卻不想程斯刻一身是傷,精神卻很好,他雙眼發亮地看著溫淺,一直背在背後的左手此刻伸到了身前,手上挎著一個小竹籃,籃子裡裝滿的是紅透的草莓。
溫淺看著眼前這一幕,呆愣當場,幾次想開口卻兜兜轉轉啞了聲。
他心裡一時五味雜陳,一些情緒像充盈的氣泡,不可抑制地在心頭髮酸發脹,氣泡被戳破,流出一灘淚意。
他難以想像,程斯刻帶著一身的傷,竟然只是為了送給他昨晚隨口一提的草莓。
這種被人珍之重之的感覺很複雜,也很久違。從印之遙走後,再也沒有人這般將他放在心尖上對待。
他看著程斯刻的雙眼,這孩子的眼神純淨、真摯,眉目間盛滿了喜悅與期待,像小狗一樣,一心一意只知道討眼前人的歡心。
他的眼眶酸脹,一些熱意不可抑制地涌了上來,他輕輕蹲下,摸著程斯刻的腦袋,看著草莓啞聲道:「是送給我的嗎?」
程斯刻使勁兒點點頭,又將草莓往溫淺的方向推了推。
一滴溫熱從溫淺的臉上滑落,他伸手接過籃子,再小心翼翼地將程斯刻擁在懷裡。
「謝謝。」溫淺的淚順著臉頰滑進嘴角,他嘗到了一絲帶著體溫的咸意。
他剛要開口問程斯刻是誰將他傷成這樣,就感到肩頭一重,下一秒程斯刻的身體無力地倒下,溫淺大驚,拿雙手緊緊撐住了孩子的身體。
程斯刻醒過來的時候發現自己正躺在醫院的病床上,面前是雪白的天花板和正在滴液的吊瓶。他渾身像是散架了一樣的痛,就是這要命的疼痛讓他從昏厥中強行甦醒。

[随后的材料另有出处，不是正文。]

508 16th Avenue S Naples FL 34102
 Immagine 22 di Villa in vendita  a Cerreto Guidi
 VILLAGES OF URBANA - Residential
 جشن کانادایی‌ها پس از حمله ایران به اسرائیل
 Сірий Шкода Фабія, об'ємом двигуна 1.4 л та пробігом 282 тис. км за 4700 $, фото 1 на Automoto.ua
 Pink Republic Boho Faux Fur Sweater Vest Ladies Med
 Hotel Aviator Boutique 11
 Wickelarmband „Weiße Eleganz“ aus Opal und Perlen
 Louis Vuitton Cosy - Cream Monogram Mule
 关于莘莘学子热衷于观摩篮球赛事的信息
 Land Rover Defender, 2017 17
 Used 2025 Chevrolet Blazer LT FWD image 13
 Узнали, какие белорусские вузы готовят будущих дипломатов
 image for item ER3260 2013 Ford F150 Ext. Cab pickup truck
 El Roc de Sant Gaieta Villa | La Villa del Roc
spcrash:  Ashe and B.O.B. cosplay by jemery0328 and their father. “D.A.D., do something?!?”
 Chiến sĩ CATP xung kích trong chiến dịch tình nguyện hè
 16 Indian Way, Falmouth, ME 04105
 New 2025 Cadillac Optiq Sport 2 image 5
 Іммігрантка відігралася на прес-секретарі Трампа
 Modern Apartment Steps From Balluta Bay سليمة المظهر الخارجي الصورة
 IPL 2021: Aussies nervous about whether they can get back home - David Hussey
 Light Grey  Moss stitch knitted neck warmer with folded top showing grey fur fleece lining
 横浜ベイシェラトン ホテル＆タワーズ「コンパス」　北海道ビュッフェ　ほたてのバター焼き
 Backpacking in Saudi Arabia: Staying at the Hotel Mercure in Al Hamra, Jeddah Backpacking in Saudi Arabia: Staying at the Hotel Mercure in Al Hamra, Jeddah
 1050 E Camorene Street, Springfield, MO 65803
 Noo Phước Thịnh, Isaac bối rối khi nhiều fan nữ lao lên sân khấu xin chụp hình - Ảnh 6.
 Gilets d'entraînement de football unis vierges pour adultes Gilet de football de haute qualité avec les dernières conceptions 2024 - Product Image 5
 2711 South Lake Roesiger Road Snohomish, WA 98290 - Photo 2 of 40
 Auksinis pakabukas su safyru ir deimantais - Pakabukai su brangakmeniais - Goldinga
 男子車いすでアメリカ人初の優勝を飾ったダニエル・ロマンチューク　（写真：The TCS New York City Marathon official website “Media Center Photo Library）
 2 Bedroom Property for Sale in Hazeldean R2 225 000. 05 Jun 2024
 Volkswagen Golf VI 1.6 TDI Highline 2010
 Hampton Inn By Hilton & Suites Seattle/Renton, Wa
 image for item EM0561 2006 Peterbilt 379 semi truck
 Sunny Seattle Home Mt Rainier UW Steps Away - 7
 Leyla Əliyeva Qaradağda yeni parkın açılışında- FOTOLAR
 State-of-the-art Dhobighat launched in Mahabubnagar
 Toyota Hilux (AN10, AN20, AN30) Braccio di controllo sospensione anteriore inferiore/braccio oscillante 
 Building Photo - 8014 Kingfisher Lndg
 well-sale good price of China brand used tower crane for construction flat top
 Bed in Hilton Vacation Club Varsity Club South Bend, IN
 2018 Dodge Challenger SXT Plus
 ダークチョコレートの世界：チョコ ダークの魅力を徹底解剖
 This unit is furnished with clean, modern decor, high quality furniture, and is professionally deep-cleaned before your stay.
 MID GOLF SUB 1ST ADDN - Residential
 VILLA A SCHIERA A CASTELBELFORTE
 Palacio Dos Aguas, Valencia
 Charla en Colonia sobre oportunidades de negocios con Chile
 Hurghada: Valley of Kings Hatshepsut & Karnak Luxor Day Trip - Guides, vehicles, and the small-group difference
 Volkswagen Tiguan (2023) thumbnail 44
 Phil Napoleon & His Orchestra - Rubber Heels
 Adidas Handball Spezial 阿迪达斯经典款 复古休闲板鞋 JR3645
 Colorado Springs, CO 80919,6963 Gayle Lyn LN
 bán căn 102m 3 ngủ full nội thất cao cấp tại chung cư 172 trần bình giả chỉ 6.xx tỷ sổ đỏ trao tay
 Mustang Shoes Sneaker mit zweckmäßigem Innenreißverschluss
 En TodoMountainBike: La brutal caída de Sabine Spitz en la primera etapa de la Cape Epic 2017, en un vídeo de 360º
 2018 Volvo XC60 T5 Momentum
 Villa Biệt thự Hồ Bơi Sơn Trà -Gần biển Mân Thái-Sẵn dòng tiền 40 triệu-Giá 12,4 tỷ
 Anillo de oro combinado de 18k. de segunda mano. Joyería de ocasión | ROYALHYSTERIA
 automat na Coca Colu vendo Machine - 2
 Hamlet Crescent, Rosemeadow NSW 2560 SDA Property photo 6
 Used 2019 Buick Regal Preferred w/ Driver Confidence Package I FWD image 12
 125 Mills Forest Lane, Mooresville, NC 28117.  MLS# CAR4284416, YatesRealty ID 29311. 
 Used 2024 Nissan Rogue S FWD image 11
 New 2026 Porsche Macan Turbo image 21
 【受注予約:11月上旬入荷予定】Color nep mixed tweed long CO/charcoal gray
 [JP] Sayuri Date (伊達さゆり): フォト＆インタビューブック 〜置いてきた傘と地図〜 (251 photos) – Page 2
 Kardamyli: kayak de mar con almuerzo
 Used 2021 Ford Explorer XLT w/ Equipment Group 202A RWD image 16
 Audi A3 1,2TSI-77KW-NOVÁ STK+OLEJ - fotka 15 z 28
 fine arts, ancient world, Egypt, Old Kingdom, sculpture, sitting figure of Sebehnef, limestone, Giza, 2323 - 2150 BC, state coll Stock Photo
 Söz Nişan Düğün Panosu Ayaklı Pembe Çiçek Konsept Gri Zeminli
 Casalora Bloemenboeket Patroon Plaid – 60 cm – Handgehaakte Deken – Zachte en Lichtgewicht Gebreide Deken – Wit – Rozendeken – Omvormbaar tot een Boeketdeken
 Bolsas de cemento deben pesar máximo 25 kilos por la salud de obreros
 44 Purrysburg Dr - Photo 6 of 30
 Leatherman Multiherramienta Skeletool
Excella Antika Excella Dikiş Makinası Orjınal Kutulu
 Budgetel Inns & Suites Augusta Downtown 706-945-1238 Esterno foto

隱隱約約的聲音透過微開的門縫傳來,是溫淺和村長在外頭說話的聲音。
程斯刻的聽力很好,溫淺強壓著怒意的聲線清晰地傳進了耳朵里。
「我想知道程斯刻到底發生了什麼,為什麼昨晚還好好的一個孩子,早上出去玩了一趟就被傷成這樣了。」
村長沒見過溫淺這般陰沉壓抑的臉色,嚇得戰戰兢兢,連聲回道:「溫先生您先消消氣,消消氣。我剛已經去問清楚了,是孩子去一片草莓園裡偷……其實也不算是偷,就拿草莓,被種的人抓住了揍了一頓。」
「什麼叫偷又不算是偷,你說清楚。」溫淺此刻耐心快告罄了,他斜了村長一眼,施壓的意思不言而喻。
溫淺雖然平日裡看起來又軟又溫柔,沒什麼脾氣的樣子,但這也僅限沒觸犯到他底線的時候,一旦底線被觸犯,他不是一個心慈手軟的人。況且村長因為修路的事情有求於溫淺和鍾宥齊,哪裡敢觸溫淺的霉頭,當下哪怕為難也只能硬著頭皮解釋。
「其實程斯刻去偷的那片草莓地,理論來說是他們自己家的地,但因為剛好長在了那王家的土地的旁邊,王家又是村里橫出名的,於是就強占了那塊地,程強沒了,靳柔和程斯刻寡母的也沒能力要回土地。王家那大兒子據說還有點黑的關係,所以大家也都不敢替程家出這個頭。」